On May 18, 2011, Sol Líneas Aéreas Flight 5428 was a passenger flight that crashed near Los Menucos, Argentina killing all 22 people onboard. The aircraft involved was a Saab 340, operating a regular domestic service between Presidente Perón International Airport (NQN) in Neuquén and General Enrique Mosconi International Airport (CRD) in Comodoro Rivadavia.
Before we get into the crash, let’s first look at the Saab 340 and the airline operating the deadly flight. During the 1970s, Swedish military planemaker Saab became interested in the civilian aircraft market. The Saab 340 was a Swedish-built twin-engine turboprop typically configured to carry 34 passengers.
Sol Líneas Aéreas ceased operating in 2016
Founded in 2005, SOL S.A. Líneas Aéreas was an Argentine airline owned by the Transatlántica Group and the government of Santa Fe Province. The airline was created to improve air connections between the cities of Córdoba and Santa Fe.
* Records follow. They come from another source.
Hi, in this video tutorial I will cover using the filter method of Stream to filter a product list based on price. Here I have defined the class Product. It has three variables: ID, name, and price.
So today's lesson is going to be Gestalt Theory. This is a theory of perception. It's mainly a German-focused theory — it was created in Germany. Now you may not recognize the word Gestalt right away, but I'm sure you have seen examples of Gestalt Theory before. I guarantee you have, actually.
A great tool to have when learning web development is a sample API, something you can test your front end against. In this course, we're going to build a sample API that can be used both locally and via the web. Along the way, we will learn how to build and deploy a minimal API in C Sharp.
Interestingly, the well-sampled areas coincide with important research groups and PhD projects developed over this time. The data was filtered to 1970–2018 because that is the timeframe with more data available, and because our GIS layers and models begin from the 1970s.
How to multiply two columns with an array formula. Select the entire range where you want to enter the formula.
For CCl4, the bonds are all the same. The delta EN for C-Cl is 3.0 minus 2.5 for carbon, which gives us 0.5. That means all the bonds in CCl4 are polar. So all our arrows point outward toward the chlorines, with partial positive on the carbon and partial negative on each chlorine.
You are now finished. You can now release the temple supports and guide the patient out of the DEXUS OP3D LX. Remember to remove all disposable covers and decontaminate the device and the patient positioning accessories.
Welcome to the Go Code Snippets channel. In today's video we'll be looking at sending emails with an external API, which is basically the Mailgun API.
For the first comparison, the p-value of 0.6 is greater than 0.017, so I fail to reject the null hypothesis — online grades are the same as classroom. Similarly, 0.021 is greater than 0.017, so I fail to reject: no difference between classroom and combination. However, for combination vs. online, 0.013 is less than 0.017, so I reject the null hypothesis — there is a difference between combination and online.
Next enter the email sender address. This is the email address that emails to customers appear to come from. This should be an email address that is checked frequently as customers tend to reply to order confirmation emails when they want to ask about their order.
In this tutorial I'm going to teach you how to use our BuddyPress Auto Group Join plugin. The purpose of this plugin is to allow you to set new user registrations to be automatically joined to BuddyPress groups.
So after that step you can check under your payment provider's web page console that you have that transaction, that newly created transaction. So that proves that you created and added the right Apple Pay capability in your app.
Headquarters in Rosario, the airline filed for bankruptcy and stopped flying in January 2016.
Sol Líneas Aéreas Flight 5428 was a regularly scheduled flight between Rosario – Islas Malvinas International Airport (ROS) and Enrique Mosconi International Airport (CRD) in Comodora Rivadavia with stops in Córdoba and Neuquén.
The plane was on the final leg of its journey
While taking off from International Airport in Neuquén at 20:05 local time for the final leg of the journey, the aircraft climbed to 19,000 feet. After being airborne for 24 minutes, the pilot leveled off at 17,800 feet, and the plane began to accumulate ice. The copilot radioed air traffic control (ATC) to ask permission to descend to a lower altitude.
This was granted with the plane being told to descend to 14,000 feet. While descending, the crew can be heard talking about how much ice was building up on the windscreen and wings. By the time the aircraft got down to 14,000, the icing conditions were severe. The plane continued on its flight path for two minutes until the airspeed dropped and the aircraft stalled. The pilots tried to regain control of the aircraft but failed, leaving the plane to crash into the ground and burn. Of the three crew members and 19 passengers, no one survived.
Two days after the crash the aircraft’s flight recorders were recovered and given to the Argentinian Junta de Investigaciones de Accidentes de Aviación Civil (JIAAC). They subsequently opened an investigation into the crash and issued a preliminary report in September of the same year. In the report, it stated that the accident was caused by a build-up of ice on the wings, causing the aircraft to stall and crash.
In its final report published in March 2015, the JIAAC said that it had confirmed its initial thoughts and that severe icing had overwhelmed the plane’s de-icing systems.
The report also noted that the weather reports the crew had received for the day only mentioned the possibility of minor icing, and thus they were not prepared for the conditions. The report also called for Sol Líneas Aéreas pilots to receive more training in recovering from a stall.